Work instruction >> Copy exactly, and only, the lines from the line containing "This is a highly" through the last line of the records below, both included, and leave out any pictures.

Recorded data >>
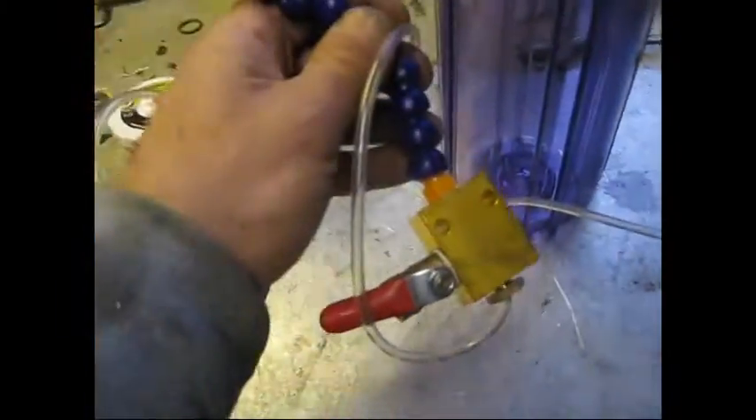You still mix it with the airline, but you plumb it so that the valve is before the T-junction, before these two things. I'll put it together and we'll see how it works.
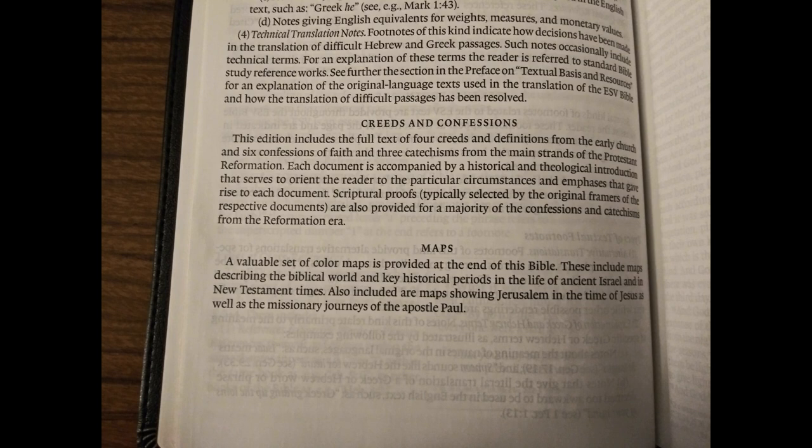This Bible comes with creeds and confessions — written summaries of the Christian faith. They are statements of doctrine and belief framed by some of the most well-known theologians in history, and are very helpful for understanding what each mainline Protestant denomination believes. Becoming familiar with the creeds and confessions will prevent you from going too far astray in your biblical interpretation. We'll look briefly at each of these once we get to the back of the Bible.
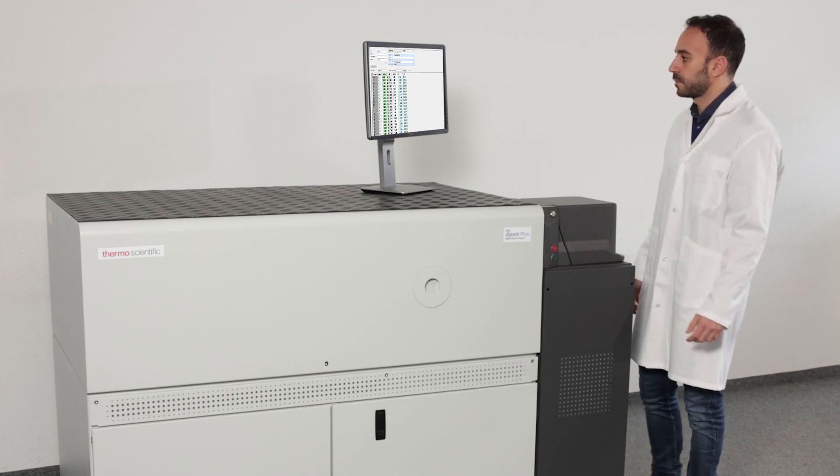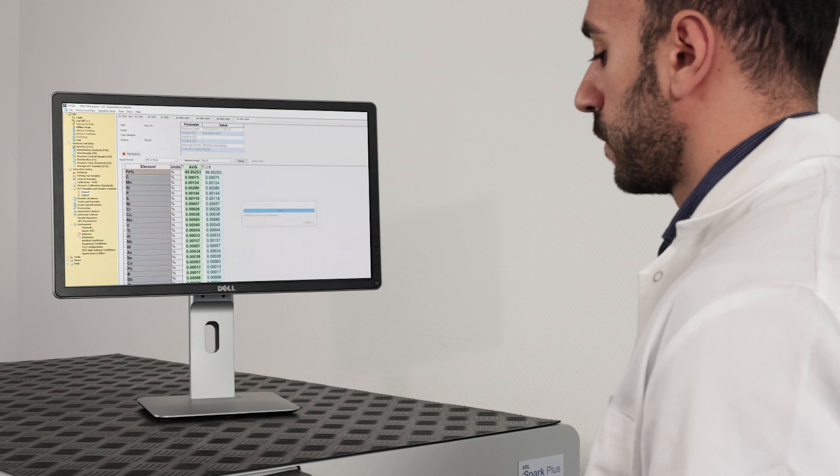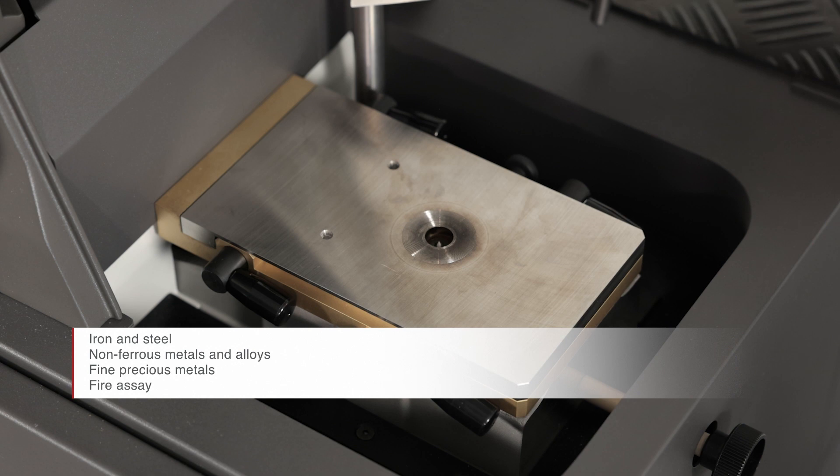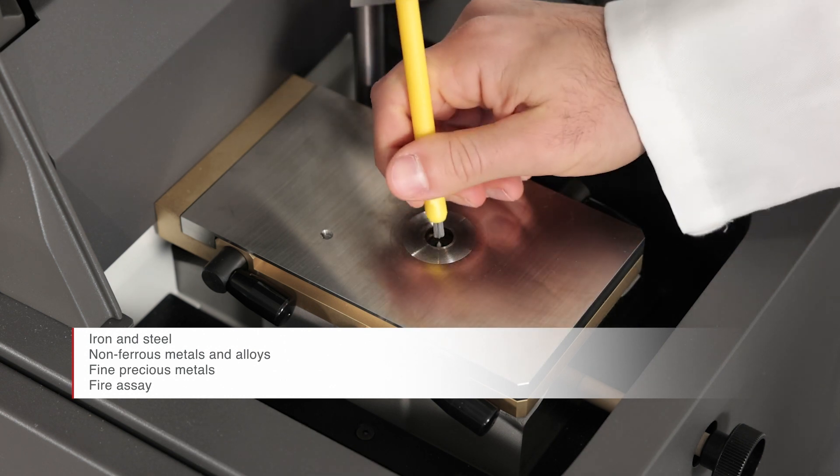It provides high-speed elemental analysis of most metals and alloys with industry-leading performance, simple operation and maintenance, and low operating costs.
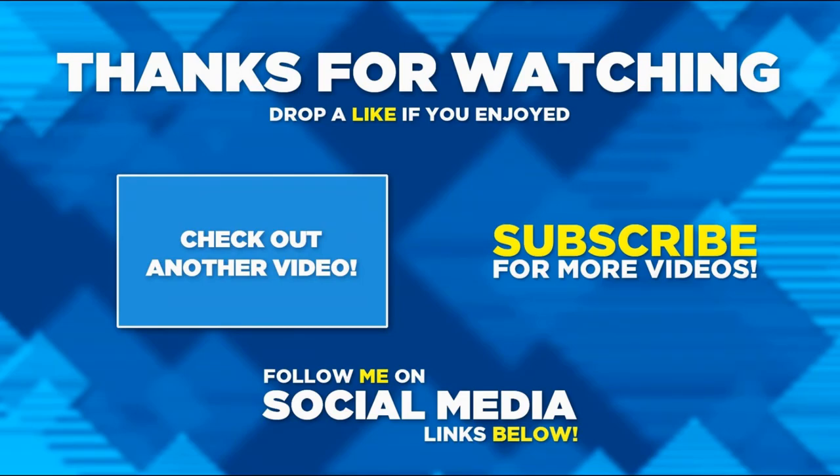Thanks very much for watching this video. I hope you enjoyed it. If you did, please hit the like button and consider subscribing if you haven't already, and hit the notification bell. Thanks for watching.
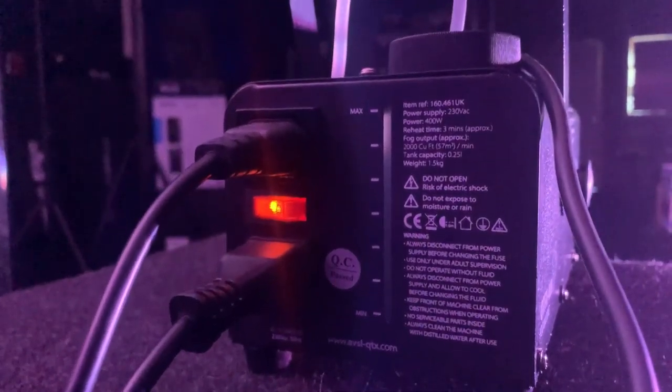This is a highly portable fog machine with a power consumption of 400 watts. Designed for smaller venues and mobile DJs, this tiny unit is capable of a surprising volume of fog.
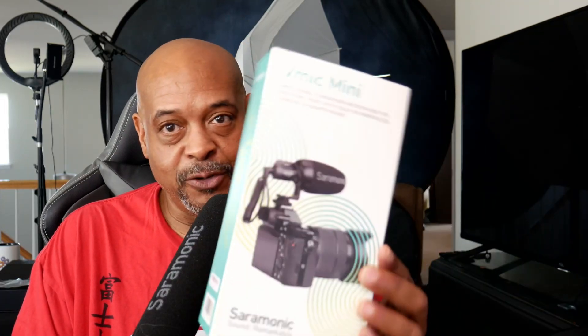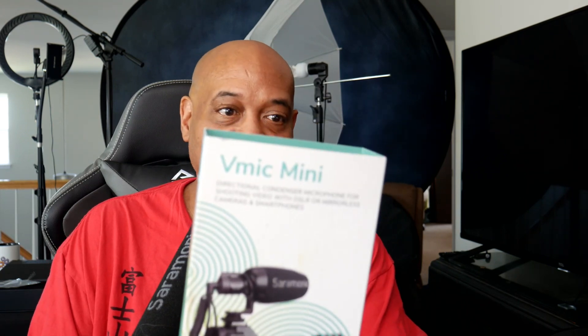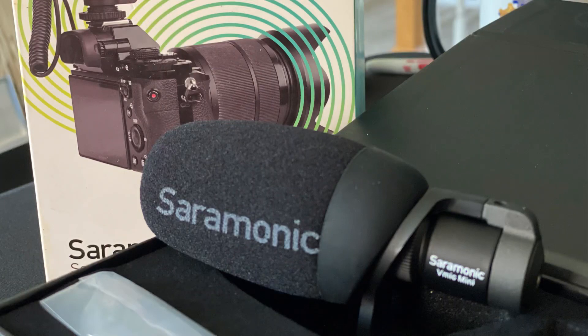What I want to bring to you today is a great product that I found from Saramonic — it is the V Mic Mini. This is a compact directional condenser microphone that's going to add high quality audio to all of the content that you're going to be creating. This is it right here, this is the box that it comes in. It comes with everything you need right out of the gate — right in the box, you're going to be able to use it. It does produce amazing audio.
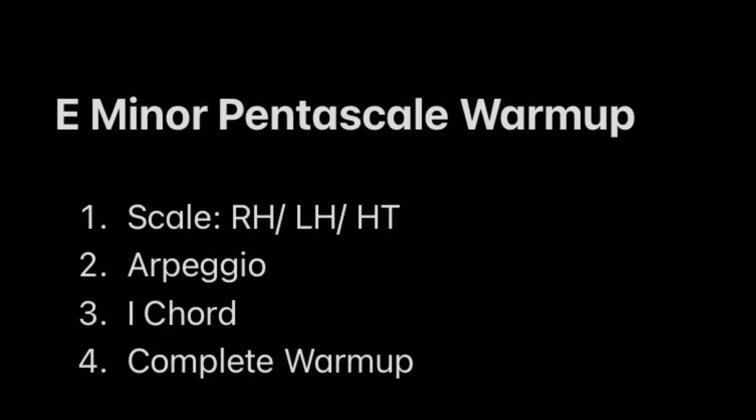This is a guided demo for an E minor pentascale warm-up, which will include a scale, a hand-over-hand arpeggio, and a chord.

Task solution >>
This is a highly portable fog machine with a power consumption of 400 watts. Designed for smaller venues and mobile DJs, this tiny unit is capable of a surprising volume of fog.
What I want to bring to you today is a great product that I found from Saramonic — it is the V Mic Mini. This is a compact directional condenser microphone that's going to add high quality audio to all of the content that you're going to be creating. This is it right here, this is the box that it comes in. It comes with everything you need right out of the gate — right in the box, you're going to be able to use it. It does produce amazing audio.
This is a guided demo for an E minor pentascale warm-up, which will include a scale, a hand-over-hand arpeggio, and a chord.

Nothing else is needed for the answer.